- Dataset records -
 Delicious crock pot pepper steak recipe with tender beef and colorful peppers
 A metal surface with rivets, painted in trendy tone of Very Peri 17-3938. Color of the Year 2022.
---
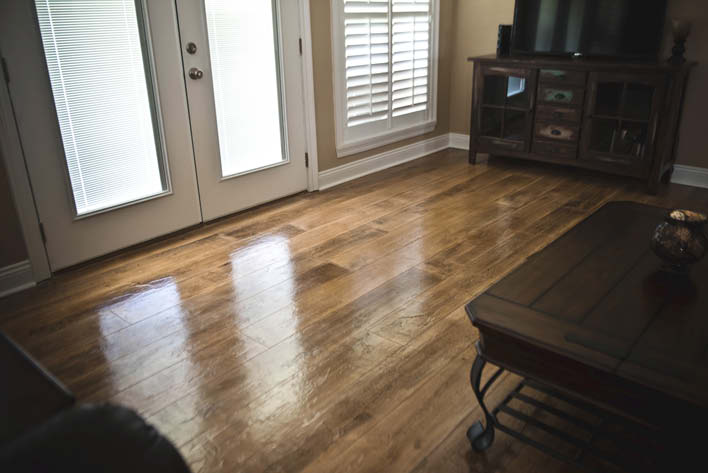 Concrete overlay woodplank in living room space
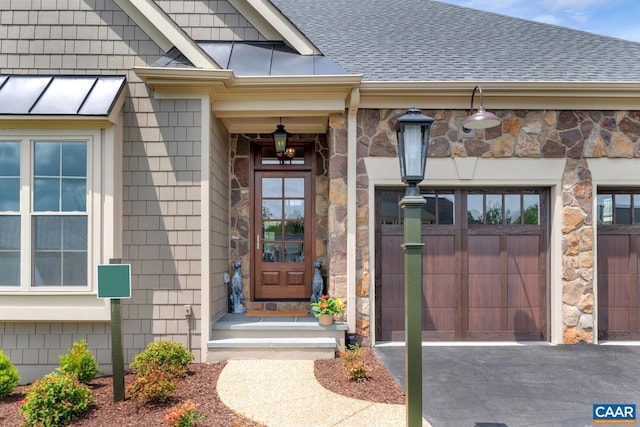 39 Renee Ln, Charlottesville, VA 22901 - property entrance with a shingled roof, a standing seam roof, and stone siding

- Problem requirements -
Copy word for word the stretch of entries above from the line that has "Delicious crock pot" through the line that has "A metal surface", both ends included, and nothing outside it.

- Output -
 Delicious crock pot pepper steak recipe with tender beef and colorful peppers
 A metal surface with rivets, painted in trendy tone of Very Peri 17-3938. Color of the Year 2022.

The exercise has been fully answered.